Deallocating the nodes in main memory is done in the same way as removing subtrees. However, there are two approaches to removing the on-disk structures, depending on whether Natix recovery code is enabled.

With enabled recovery, a transaction savepoint is created during beginBulkload(). Upon abortBulkload(), the transaction is rolled back to that savepoint, and removal of the data structures on disk is automatically handled by the recovery subsystem's rollback routines.

Without recovery support, the bulkload component first scans the main-memory structure for proxy nodes and deletes the referenced records, recursively descending into further proxy nodes if present. After the subtree records are removed from disk, the main-memory tree is deallocated.

Evaluation

We evaluated the performance of the Natix bulkload component and present now the experimental results. These results show the effect of sibling clustering, the scalability of our design with respect to document size, and a comparison of the performance of Natix with other XDSes.

Document collections

Experiments were performed using three document collections.
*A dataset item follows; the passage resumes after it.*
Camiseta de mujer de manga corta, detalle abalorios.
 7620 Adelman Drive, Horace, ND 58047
The first was the XMark benchmark,13 using scaling factors of n × 0.2 with n ∈ {1 … 5}. The second was a synthetic document collection generated using the ToXgene data generator.14 The Document Type Definition (DTD) as well as the generator template file are listed in Reference 15. The smallest document contained 50 employees, 100 students, 10 lectures, and 30 exams. We generated six documents. With each document we quadrupled these numbers, so that the biggest document contained 51,200 employees, 102,400 students, 10,240 lectures and 30,720 exams. This led to document sizes between 59 KB and 43 MB.

Environment

The system used for the experiments ran on two machines. Machine NEW was used for all experiments except for the comparison to the older benchmark results. It was equipped with 512 MB RAM, a Pentium** IV CPU with 2.4 GHz, and an Ultra Wide SCSI hard disk. The operating system was a SUSE** Linux 9.3 with kernel version 2.6.11. Machine OLD was used to reproduce the environment from Reference 13 and had 512 MB of RAM, a Pentium III running at 600 MHz, and an Ultra Wide SCSI disk. Natix was compiled with g++ 3.3.5, using optimization level O3.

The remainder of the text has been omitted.